I have drafted a HF proposal for work on making GHC’s compiler pipeline more fault-tolerant, that is:
Capable of producing partial output if there is an error (rather than stopping immediately)
Capable of consuming partial output and still producing useful diagnostics
This would solve the problem where errors from earlier stages (such as parsing) mask errors from later stages (such as typechecking); as well as benefiting tools that use the compiler, which could then work on partially broken programs.
That seems a great idea (especially now with IA, we don’t take “computer says no” as easily)
User
fix foo :: Int → Int
foo =
bar :: Int → Int
bar = 1 + foo C@@@GPT
It looks like there might be a small error in your code. The foo function seems to be missing its implementation. Here’s a corrected version:
foo :: Int -> Int
foo x = x * 2 -- or any other implementation you desire
bar :: Int -> Int
bar x = 1 + foo x
Now, foo has a simple implementation where it doubles the input x, but you can replace it with any other implementation that suits your requirements. The bar function adds 1 to the result of foo.
I would be happy to help (but I don’t know anything about GHC). Would there be tasks open to GHC beginner ?
Very interesting, thank you for writing this down!
Just a couple thoughts for now:
Step 1: handle fully-recoverable parse errors
A “fully-recoverable” parse error is one where we can know (or make a very good guess) what the user intended. This usually means guessing a few missing literal tokens, such as a trailing bracket.
tup :: (Int, Int)
tup = (1, 2
The example you give is only ambiguous because of the type signature (which is often not even present).
Without such hints, it becomes a probabilistic sort of prediction, which is where corpus-based approaches (or language models as suggested by @maxigit) can help, but do we really want to 10x-50x the size of GHC to put CodeLLaMa or friends inside it?
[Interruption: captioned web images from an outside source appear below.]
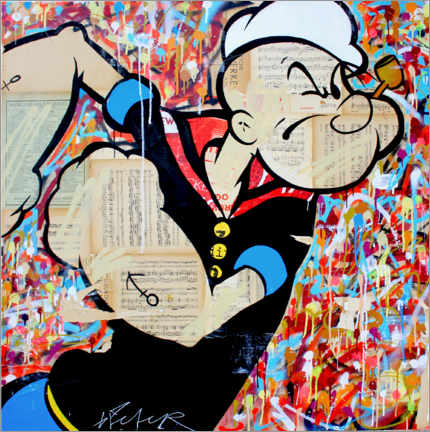 Cuadro de metacrilato  Popeye - Michiel Folkers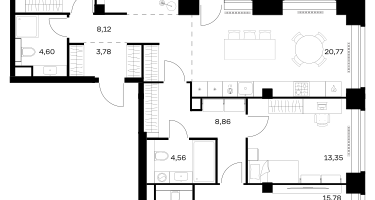 Студия, 115&nbsp;м²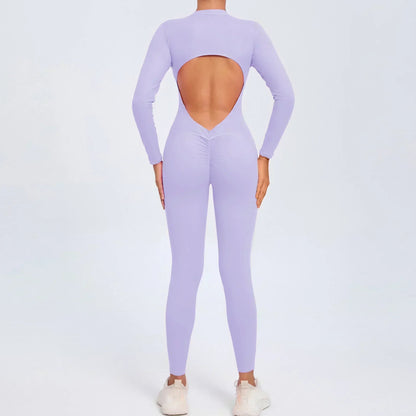 Combinaison de yoga zippée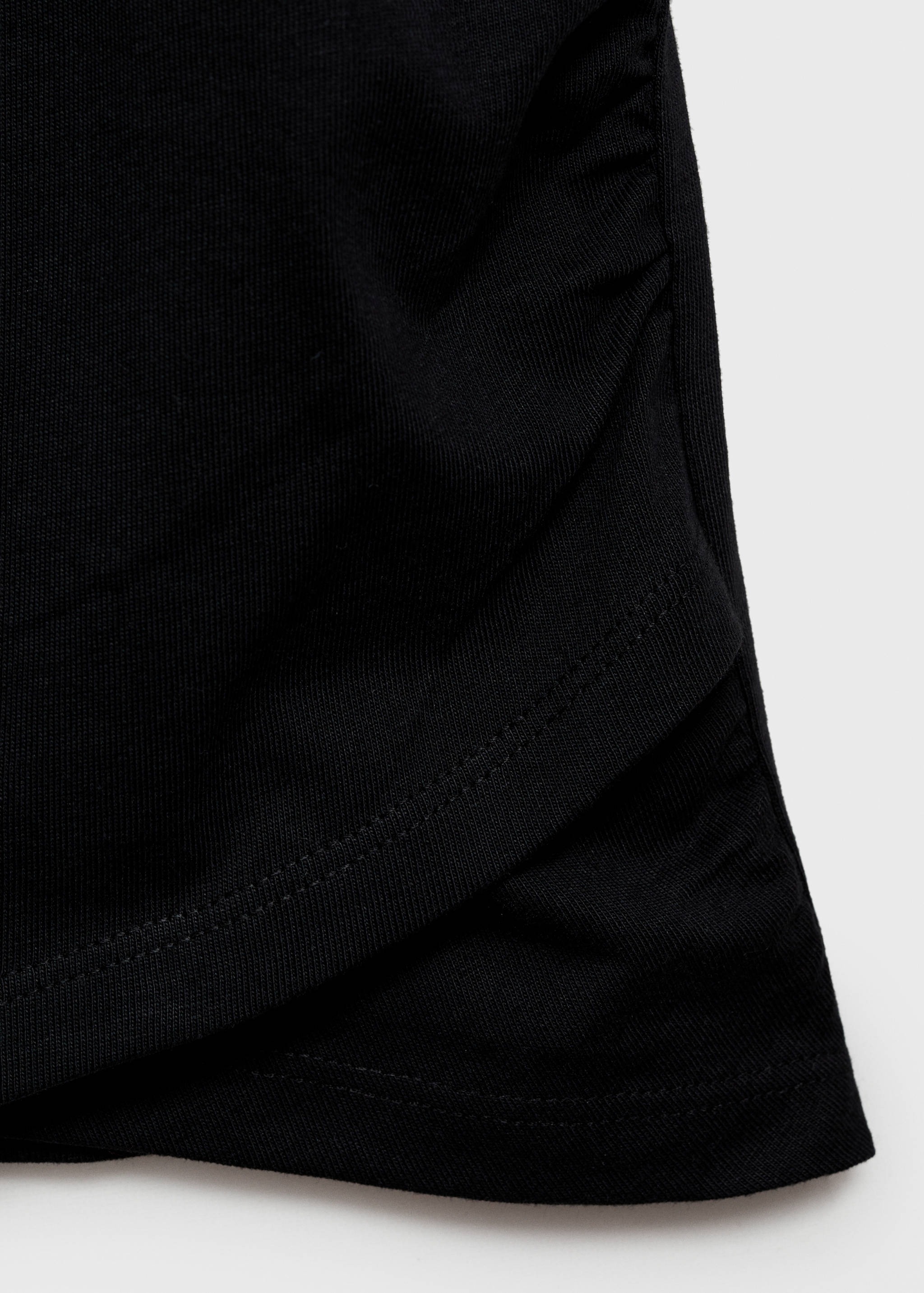 Wrap detail cotton t-shirt - Details of the article 8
Step 2: handle other parse errors by producing partial output
I think GLR parsers like tree-sitter do this and it would perhaps make sense to leverage them.
Step 3 etc.
Accepting distributions of tokens/types/ASTs is even harder: the work for each stage multiplies by the number of predictions, and the subsequent output in turn.
I am not suggested the use of a language model, but enterprise IDE will, so the tooling situation will look even worst compare to what people will get used to at work (where their companies will pay for Ai subscription).
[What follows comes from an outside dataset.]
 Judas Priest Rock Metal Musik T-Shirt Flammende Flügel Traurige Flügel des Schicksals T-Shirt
So having a more tolerant GHC is a really good idea (until we ALL use language model in our daily life).
To be honest, I’m unsure at this point. I also don’t know enough about GHC to say how hard this stuff is (and I’m hoping to get feedback on that…). I expect that once the infrastructure is in place then it shouldn’t be too hard to contribute by making the various stages more fault-tolerant in one way or another.
The example you give is only ambiguous because of the type signature (which is often not even present).
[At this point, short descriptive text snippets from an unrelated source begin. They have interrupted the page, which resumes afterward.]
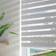 Joydeco Cordless Zebra Blinds 34" x 75" Gray34x75"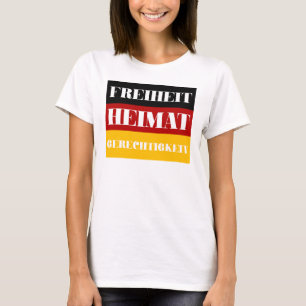 Freiheit Heimat Gerechtigkeit - Duits patriot T-shirt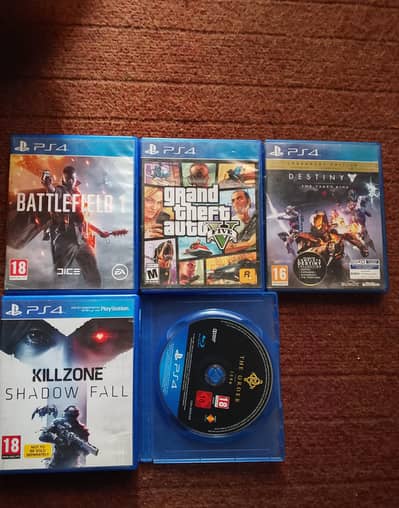 Ps4 5 Disc Cds for sale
Without such hints, it becomes a probabilistic sort of prediction
Error recovery by doing token insertion (or deletion) is not really new technology, it’s been around for a long time. So I’m not too worried about this problem, I think we can probably pick good heuristics in most cases.
I think GLR parsers like tree-sitter do this and it would perhaps make sense to leverage them.
I think using the ambiguity-handling of GLR parsers for error recovery might go badly with files that have many errors, since I think the number of alternatives would grow exponentially. Whereas for well-formed examples of more typical ambiguous grammars you hopefully have a smaller number of choice points. Better I think to do local error recovery and continue with a single parse?